Now, about those hotels. The Rave is located caddy-corner from the Ambassador Hotel, a lodging known to true crime fans as the location of one of notorious local guy Jeffrey Dahmer’s many murders. The crossover between metal fans and serial killer buffs is certainly not lost on the crew in charge of Milwaukee Metal Fest, and one friend expressed disappointment at not being assigned to room 507, where Dahmer committed one of his myriad misdeeds in late 1987. Incidentally, the bar at the hotel is said to sell their wares at much more reasonable rates than The Rave does, and I’m an absolute sucker for the Art Deco style the hotel boasts, but I was never able to carve out the time to have a drink there.

Sadly, we barely missed Tesseract, a group that intrigued me ever since singer Daniel Tompkins guested on that stellar first album from Earthside, but we did make it in time to catch 3 Inches of Blood. Originally hailed as part of the power metal resurgence of the mid-2000s, these lovely Canuckleheads paid their dues for a good sixteen years before taking a nearly decade-long break in 2015.

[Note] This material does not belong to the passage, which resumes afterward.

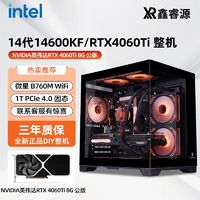 百亿补贴：MSI 微星 i5 13490F/13400F/4060显卡高配游戏主机台式电脑整套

That beauty sleep has done them plenty of good – while I never followed them too closely, I distinctly remember being very impressed with their mettlesome energy on stage. Now squarely in their mid-40s, 3 Inches of Blood perform with a fury that would leave bands half their age to wonder if being a professional metalhead is such a wise career choice. 3 Inches of Blood sound about three metric tons heavier – and deathier – than I recall from the last time I saw them, opening for Sabaton shortly before they hung it up for a bit. The adrenaline and rage they both embodied and induced were a helluva welcome to the fest that had captured my imagination for so many years, and nearly made me forget about the grotesque DFW traffic I’d been battling against just twenty-four hours earlier.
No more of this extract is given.